Обсуждение: pg 8.4 crashing.

Поиск
Список
Период
Сортировка

pg 8.4 crashing.

От
Scott Marlowe
Дата:
I've got a problem with pg 8.4.4 crashing with a sig 6 abort due to a
panic on failing to add a right sibling in an index.  Log output:

PANIC:  failed to add item to the right sibling in index "logged_in_uid"
STATEMENT:  INSERT INTO logged_in ...

Now, the column that's failing here is a serial that isn't referenced
in the SQL statement, i.e. it gets the default nextval.

OS: Ubuntu 8.04,
Pg: 8.4.4  The only arg to ./configure was to change the prefix dir to ~/pg84

I've had this problem before, but didn't have the time to track it
down.  Now I do, and it's on a server I can play on a bit if I need
to.

--
To understand recursion, one must first understand recursion.

Re: pg 8.4 crashing.

От
Merlin Moncure
Дата:
On Thu, Sep 23, 2010 at 2:28 PM, Scott Marlowe <scott.marlowe@gmail.com> wrote:
> I've got a problem with pg 8.4.4 crashing with a sig 6 abort due to a
> panic on failing to add a right sibling in an index.  Log output:
>
> PANIC:  failed to add item to the right sibling in index "logged_in_uid"
> STATEMENT:  INSERT INTO logged_in ...
>
> Now, the column that's failing here is a serial that isn't referenced
> in the SQL statement, i.e. it gets the default nextval.
>
> OS: Ubuntu 8.04,
> Pg: 8.4.4  The only arg to ./configure was to change the prefix dir to ~/pg84
>
> I've had this problem before, but didn't have the time to track it
> down.  Now I do, and it's on a server I can play on a bit if I need
> to.

Hm, is this repeatable? Have you ruled out corruption?

merlin

Re: pg 8.4 crashing.

От
Tom Lane
Дата:
Scott Marlowe <scott.marlowe@gmail.com> writes:
> I've got a problem with pg 8.4.4 crashing with a sig 6 abort due to a
> panic on failing to add a right sibling in an index.  Log output:

> PANIC:  failed to add item to the right sibling in index "logged_in_uid"
> STATEMENT:  INSERT INTO logged_in ...

If you can apply this patch:
http://archives.postgresql.org/pgsql-committers/2010-08/msg00365.php
it should tell you which index page is causing the problem.  Then
please dump that page with pg_filedump and send it in.
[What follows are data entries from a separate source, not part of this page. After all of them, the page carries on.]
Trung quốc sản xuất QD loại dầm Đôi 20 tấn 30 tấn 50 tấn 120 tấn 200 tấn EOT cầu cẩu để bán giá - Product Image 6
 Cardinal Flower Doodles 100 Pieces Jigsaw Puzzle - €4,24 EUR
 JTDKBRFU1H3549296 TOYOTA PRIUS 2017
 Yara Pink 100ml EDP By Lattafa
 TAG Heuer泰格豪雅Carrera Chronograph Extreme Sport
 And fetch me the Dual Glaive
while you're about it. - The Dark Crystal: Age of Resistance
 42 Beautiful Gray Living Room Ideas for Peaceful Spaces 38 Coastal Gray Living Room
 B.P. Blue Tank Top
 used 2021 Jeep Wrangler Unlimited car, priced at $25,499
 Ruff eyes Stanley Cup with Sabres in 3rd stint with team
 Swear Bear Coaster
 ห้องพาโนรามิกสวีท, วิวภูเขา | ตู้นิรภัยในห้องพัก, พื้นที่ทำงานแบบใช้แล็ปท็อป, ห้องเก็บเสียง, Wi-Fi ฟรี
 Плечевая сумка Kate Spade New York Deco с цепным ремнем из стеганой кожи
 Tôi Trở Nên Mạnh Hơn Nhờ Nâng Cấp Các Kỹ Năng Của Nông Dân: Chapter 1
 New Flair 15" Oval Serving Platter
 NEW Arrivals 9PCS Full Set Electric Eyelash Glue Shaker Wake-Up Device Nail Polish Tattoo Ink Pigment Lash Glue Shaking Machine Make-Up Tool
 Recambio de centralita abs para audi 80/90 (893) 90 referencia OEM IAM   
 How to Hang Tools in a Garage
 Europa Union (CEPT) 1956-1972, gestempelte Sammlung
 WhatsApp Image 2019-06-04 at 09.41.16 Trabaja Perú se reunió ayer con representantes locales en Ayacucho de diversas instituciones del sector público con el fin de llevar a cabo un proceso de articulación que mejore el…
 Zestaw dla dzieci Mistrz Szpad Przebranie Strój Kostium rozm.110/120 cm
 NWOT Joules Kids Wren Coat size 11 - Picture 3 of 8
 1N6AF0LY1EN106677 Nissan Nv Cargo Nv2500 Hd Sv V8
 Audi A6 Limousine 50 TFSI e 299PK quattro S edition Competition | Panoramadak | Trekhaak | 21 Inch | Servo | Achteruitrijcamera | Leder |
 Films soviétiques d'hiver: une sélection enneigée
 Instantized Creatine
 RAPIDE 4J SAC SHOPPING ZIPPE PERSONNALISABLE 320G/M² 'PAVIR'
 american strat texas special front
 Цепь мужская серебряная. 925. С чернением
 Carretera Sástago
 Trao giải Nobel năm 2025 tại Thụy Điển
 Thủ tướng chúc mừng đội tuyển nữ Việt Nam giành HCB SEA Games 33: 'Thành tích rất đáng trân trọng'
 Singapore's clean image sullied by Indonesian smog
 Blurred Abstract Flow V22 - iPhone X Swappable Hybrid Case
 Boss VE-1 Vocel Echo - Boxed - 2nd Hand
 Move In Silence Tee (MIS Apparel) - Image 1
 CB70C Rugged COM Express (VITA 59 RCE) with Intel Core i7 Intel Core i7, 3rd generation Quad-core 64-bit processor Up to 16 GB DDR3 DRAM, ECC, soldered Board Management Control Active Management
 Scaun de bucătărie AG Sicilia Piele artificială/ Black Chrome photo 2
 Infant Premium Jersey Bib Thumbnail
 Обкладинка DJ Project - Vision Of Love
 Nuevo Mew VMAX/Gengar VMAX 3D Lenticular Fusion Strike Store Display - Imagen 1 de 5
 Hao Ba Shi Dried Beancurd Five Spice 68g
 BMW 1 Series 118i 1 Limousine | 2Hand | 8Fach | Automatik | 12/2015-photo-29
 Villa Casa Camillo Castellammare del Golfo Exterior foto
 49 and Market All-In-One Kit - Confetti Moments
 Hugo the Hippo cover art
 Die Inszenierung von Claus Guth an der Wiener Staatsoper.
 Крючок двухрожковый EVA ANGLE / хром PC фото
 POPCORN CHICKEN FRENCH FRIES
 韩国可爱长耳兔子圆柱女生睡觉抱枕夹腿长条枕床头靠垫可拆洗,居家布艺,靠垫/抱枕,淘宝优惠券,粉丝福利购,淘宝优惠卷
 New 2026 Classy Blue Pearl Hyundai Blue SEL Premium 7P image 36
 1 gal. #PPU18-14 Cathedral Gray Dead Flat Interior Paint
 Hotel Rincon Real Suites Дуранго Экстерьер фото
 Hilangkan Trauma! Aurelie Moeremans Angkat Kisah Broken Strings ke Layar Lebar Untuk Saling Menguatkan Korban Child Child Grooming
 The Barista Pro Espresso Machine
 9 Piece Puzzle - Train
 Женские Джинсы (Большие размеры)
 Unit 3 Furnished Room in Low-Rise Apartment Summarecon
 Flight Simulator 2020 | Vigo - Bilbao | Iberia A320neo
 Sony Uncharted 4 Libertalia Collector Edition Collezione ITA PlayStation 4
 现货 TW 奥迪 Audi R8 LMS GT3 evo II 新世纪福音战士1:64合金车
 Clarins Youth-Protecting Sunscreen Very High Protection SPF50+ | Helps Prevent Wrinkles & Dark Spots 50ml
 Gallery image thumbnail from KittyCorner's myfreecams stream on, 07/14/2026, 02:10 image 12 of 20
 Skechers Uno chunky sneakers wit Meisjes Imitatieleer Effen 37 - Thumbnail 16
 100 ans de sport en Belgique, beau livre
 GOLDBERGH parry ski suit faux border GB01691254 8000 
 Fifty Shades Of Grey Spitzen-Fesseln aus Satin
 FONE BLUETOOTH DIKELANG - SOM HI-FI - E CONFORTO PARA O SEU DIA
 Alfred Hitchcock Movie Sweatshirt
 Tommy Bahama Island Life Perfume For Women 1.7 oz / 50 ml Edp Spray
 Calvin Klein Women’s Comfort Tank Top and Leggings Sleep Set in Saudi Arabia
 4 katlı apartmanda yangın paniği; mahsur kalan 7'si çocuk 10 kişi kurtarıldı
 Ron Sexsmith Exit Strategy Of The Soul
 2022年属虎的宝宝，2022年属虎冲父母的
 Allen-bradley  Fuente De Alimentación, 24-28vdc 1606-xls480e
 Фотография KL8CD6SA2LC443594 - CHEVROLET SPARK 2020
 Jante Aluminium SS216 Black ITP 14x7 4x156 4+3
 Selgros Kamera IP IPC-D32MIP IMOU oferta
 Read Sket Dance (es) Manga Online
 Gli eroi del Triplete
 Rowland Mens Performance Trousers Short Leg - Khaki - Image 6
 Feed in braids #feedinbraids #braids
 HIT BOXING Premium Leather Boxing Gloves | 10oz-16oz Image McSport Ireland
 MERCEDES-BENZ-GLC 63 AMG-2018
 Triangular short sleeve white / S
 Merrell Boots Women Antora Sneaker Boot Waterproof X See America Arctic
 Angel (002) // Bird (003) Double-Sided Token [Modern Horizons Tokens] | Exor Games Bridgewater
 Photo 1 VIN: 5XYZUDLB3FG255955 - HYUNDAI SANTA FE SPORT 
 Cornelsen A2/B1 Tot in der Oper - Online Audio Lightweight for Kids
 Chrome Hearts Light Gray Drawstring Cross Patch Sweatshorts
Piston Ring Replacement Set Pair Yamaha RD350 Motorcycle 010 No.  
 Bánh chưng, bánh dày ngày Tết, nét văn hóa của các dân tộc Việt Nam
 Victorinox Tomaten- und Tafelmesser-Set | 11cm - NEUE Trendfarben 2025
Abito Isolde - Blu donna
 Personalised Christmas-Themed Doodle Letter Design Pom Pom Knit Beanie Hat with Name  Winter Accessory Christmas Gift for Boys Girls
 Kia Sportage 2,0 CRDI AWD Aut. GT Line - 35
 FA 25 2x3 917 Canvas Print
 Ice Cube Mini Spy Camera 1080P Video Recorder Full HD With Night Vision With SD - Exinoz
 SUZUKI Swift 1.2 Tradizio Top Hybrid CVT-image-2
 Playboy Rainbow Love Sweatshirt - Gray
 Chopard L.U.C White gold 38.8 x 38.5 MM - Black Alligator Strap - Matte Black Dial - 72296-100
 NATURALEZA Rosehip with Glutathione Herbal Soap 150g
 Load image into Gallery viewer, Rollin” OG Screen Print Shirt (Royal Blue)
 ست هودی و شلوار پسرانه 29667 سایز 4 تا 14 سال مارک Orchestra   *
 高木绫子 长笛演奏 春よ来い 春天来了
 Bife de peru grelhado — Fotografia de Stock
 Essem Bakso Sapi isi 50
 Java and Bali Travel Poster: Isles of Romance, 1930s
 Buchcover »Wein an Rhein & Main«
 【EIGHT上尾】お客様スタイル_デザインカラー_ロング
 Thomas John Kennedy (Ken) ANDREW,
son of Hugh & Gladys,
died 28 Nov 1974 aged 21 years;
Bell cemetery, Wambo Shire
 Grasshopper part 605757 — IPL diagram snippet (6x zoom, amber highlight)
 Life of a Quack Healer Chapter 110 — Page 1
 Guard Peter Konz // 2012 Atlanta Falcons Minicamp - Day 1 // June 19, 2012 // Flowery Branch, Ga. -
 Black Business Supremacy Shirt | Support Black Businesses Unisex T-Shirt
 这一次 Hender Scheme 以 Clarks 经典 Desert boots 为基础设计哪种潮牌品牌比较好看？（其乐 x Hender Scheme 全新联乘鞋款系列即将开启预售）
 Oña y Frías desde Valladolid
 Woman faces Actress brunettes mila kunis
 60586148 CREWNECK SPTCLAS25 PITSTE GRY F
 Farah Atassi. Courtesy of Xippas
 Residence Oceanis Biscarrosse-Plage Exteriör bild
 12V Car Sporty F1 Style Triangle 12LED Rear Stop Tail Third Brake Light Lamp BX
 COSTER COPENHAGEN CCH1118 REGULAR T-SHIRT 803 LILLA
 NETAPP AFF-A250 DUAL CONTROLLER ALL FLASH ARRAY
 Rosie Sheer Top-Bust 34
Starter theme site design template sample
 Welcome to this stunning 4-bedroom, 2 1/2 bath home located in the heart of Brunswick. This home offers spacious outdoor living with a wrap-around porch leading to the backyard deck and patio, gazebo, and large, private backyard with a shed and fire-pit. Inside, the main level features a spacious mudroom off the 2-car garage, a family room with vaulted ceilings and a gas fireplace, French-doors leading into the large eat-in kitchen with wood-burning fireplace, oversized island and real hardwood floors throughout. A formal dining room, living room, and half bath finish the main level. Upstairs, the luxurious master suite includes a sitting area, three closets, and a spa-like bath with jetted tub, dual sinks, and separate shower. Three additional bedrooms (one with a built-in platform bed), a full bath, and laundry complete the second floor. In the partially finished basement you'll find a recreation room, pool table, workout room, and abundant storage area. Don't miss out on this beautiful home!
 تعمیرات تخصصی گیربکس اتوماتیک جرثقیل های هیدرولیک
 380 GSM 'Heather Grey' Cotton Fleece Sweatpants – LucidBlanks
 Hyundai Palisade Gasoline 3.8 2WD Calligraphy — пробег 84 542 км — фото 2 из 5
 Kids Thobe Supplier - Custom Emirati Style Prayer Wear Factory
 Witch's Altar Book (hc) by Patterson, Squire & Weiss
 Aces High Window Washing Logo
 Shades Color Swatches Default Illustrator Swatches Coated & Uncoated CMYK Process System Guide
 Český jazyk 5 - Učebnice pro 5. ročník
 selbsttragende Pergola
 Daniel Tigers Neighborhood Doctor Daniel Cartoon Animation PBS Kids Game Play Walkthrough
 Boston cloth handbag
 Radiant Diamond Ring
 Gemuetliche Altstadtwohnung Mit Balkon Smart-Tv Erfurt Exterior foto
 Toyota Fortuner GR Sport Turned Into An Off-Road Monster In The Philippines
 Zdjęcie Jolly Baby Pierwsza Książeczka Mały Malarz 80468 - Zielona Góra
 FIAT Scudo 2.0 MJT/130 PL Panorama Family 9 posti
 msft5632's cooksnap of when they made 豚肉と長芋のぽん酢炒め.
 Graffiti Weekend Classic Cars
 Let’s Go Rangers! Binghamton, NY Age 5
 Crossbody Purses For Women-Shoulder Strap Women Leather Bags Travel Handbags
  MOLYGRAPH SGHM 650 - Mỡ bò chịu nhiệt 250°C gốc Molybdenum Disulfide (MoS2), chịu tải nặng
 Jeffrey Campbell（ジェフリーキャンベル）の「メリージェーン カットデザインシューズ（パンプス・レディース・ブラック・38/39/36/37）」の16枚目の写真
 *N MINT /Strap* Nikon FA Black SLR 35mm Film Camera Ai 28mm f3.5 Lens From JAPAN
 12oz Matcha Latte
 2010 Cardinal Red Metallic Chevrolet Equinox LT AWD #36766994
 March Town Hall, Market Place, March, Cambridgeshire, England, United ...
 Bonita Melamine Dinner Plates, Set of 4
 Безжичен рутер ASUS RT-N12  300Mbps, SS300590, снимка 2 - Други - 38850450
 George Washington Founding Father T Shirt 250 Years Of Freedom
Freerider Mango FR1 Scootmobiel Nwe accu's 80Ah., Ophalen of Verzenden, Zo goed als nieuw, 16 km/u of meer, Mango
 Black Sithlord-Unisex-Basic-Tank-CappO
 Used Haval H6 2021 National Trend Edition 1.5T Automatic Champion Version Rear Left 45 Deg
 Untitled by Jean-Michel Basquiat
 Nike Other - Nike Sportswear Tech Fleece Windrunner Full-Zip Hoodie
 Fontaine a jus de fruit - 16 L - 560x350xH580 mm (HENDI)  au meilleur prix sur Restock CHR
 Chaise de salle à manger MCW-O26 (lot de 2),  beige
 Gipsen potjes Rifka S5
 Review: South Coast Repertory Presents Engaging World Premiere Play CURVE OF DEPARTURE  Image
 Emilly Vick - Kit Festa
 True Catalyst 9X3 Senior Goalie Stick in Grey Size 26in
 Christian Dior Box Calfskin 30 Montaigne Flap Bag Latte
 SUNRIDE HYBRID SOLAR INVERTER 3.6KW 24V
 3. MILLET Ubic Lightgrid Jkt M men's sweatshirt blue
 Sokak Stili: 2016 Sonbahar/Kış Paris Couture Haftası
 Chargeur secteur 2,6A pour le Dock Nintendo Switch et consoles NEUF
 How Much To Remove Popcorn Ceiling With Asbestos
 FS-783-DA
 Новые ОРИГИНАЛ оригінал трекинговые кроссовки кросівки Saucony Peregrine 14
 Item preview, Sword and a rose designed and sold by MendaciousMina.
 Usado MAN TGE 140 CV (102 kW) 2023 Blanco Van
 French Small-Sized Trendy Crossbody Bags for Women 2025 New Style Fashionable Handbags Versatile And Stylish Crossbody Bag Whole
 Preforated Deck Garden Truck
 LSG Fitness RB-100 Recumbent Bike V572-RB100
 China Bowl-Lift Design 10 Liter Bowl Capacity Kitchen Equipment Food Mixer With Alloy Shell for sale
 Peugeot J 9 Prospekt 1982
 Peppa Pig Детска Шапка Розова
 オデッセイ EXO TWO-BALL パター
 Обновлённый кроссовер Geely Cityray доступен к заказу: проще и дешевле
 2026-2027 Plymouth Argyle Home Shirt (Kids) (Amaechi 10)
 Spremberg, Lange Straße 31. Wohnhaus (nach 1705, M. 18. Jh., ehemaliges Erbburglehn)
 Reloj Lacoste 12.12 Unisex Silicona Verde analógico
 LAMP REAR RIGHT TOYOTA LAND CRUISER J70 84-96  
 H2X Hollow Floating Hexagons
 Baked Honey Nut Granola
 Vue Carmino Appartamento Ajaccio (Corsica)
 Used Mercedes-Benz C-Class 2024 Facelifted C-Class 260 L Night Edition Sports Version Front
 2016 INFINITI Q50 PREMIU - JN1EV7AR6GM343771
            regards, tom lane

Re: pg 8.4 crashing.

От
Scott Marlowe
Дата:
On Thu, Sep 23, 2010 at 2:17 PM, Tom Lane <tgl@sss.pgh.pa.us> wrote:
> Scott Marlowe <scott.marlowe@gmail.com> writes:
>> I've got a problem with pg 8.4.4 crashing with a sig 6 abort due to a
>> panic on failing to add a right sibling in an index.  Log output:
>
>> PANIC:  failed to add item to the right sibling in index "logged_in_uid"
>> STATEMENT:  INSERT INTO logged_in ...
>
> If you can apply this patch:
> http://archives.postgresql.org/pgsql-committers/2010-08/msg00365.php
> it should tell you which index page is causing the problem.  Then
> please dump that page with pg_filedump and send it in.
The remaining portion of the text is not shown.